Nell Mackenzie
2 min read
By Nell Mackenzie
LONDON (Reuters) -Britain’s Financial Conduct Authority is to extend rules covering non-financial misconduct such as bullying and discrimination to beyond the banking industry, it said on Wednesday.
The UK watchdog will also oversee how finance firms handle “serious, substantiated cases of poor personal behaviour”, information that will be shared through regulatory references in the same way financial misconduct currently is. That will make it harder for individuals to avoid consequences by moving from firm to fir, the FCA said.
“Behaviour like bullying or harassment going unchallenged is one of the reddest flags – a culture where this occurs can raise questions about a firm’s decision making and risk management,” said Sarah Pritchard, the FCA’s deputy chief executive.
The rules for non-financial misconduct will be extended to around 37,000 other regulated firms from 1 September 2026 after a year-long consultation period.
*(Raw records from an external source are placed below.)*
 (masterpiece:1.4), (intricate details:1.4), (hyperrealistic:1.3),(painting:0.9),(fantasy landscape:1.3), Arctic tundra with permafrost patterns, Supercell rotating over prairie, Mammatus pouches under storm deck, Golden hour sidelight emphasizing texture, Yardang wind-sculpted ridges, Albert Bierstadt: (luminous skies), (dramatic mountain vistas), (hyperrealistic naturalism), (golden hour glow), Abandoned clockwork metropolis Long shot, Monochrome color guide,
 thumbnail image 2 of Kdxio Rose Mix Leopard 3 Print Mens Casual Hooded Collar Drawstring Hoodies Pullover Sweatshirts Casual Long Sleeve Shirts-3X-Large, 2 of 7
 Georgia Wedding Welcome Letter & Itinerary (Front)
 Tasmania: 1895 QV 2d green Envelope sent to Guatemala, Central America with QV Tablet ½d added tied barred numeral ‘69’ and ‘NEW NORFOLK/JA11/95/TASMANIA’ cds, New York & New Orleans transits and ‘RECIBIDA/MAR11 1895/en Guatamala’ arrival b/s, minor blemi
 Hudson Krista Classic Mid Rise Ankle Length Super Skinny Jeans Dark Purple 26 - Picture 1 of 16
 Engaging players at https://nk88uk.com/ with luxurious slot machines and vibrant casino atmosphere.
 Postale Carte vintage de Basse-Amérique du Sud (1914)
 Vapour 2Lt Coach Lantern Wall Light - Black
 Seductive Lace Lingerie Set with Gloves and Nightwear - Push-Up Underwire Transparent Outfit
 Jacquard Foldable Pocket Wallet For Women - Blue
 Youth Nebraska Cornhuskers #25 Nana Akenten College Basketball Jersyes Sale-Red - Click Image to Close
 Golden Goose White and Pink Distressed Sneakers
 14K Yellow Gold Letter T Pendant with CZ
The new rules are to increase consistency across the industry and deepen trust in financial services, Pritchard added.
Concerns about bad behaviour at finance firms have soared up the regulatory agenda in recent years and the FCA has been under pressure to explain how it will tackle the problem.
Last year it published its first comprehensive study into the scale of the problem, and found that reports of bullying, discrimination and other non-financial misconduct in Britain’s finance industry had surged almost 60% over three years to 2023.
More than one third of firms did not report such cases to their boards, the regulatory survey last year also showed.
The survey also found many firms lack appropriate governance structures in place to deal with such incidents.
“Toxic cultures like bullying, harassment and discrimination often correlate with risky financial behaviour and high-profile cases have damaged reputations, investor confidence which often result in big losses,” said Anu Chhabra, a private markets business development executive and founder of the Women in Finance Group.